Fascinated by the unseen lives of women, Walker uses props, lighting and deft spatial manipulation to draw us into her subjects’ interior worlds. In Every Dream Home marked the early flourishing of these techniques, exploiting the sharp lines of Modernist architecture and the distortive properties of water and glass. ‘I’d been exploring the notion of the “Grand Design” house and became interested in the idea of dream homes, and what might go on in them’, she explained (C. Walker, quoted in D. Woodward, ‘Caroline Walker: In Every Dream Home’, AnOther Magazine, 19 July 2013). The setting for the series, where Walker conducted photoshoots in preparation, was deliberately intended to be ambiguous: many scenes, including the present, are captured from different angles throughout. ‘We could be looking at a villa in Dubai, LA, Buenos Aires or just a back garden in London’, she explains (C. Walker, quoted in Caroline Walker: In Every Dream Home, Wakefield 2013, p. 31). Here, Walker’s staging disorients the viewer further, offsetting lush figuration with near-abstract geometries. Doublings, shadows and reflections confound our gaze, ensnaring us in a world of enigma and dreamlike illusion.
Roxy Music’s song spoke of the difference between public and private realities. In Walker’s silent paradise, similarly, nothing is quite as it seems. Woven into her dramas are oblique references to other worlds: from the swimming pool paintings of David Hockney, to Edward Hopper’s lonely landscapes and Eric Fischl’s painting of American suburbia. Cinema, too, was an important source of inspiration—Recreation Pavilion contains more than a nod to Alfred Hitchcock’s Rear Window (1954), with Walker also citing the Neo-Modernist house in Atom Egoyan’s Chloe (2009) as a key influence. The bowl of oranges on the empty table, meanwhile, represents something of a leitmotif for the artist. Jane Neal notes the fruit’s symbolic overtones of chastity, love and temptation in Renaissance painting; here, such associations work in counterpoint with the scene’s near-erotic friction (J. Neal, ibid., p. 13). Is there a power play between the three women? Or are there other unseen people or forces at work? As blissful fantasy and sinister uncertainty shift in and out of focus, we begin to question whether the voyeur at the window is simply a reflection of ourselves.
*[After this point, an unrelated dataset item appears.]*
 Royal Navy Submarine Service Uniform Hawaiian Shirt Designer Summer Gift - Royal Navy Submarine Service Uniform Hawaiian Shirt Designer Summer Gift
Fascinated by the unseen lives of women, Walker uses props, lighting and deft spatial manipulation to draw us into her subjects’ interior worlds. In Every Dream Home marked the early flourishing of these techniques, exploiting the sharp lines of Modernist architecture and the distortive properties of water and glass. ‘I’d been exploring the notion of the “Grand Design” house and became interested in the idea of dream homes, and what might go on in them’, she explained (C. Walker, quoted in D. Woodward, ‘Caroline Walker: In Every Dream Home’, AnOther Magazine, 19 July 2013). The setting for the series, where Walker conducted photoshoots in preparation, was deliberately intended to be ambiguous: many scenes, including the present, are captured from different angles throughout. ‘We could be looking at a villa in Dubai, LA, Buenos Aires or just a back garden in London’, she explains (C. Walker, quoted in Caroline Walker: In Every Dream Home, Wakefield 2013, p. 31). Here, Walker’s staging disorients the viewer further, offsetting lush figuration with near-abstract geometries. Doublings, shadows and reflections confound our gaze, ensnaring us in a world of enigma and dreamlike illusion.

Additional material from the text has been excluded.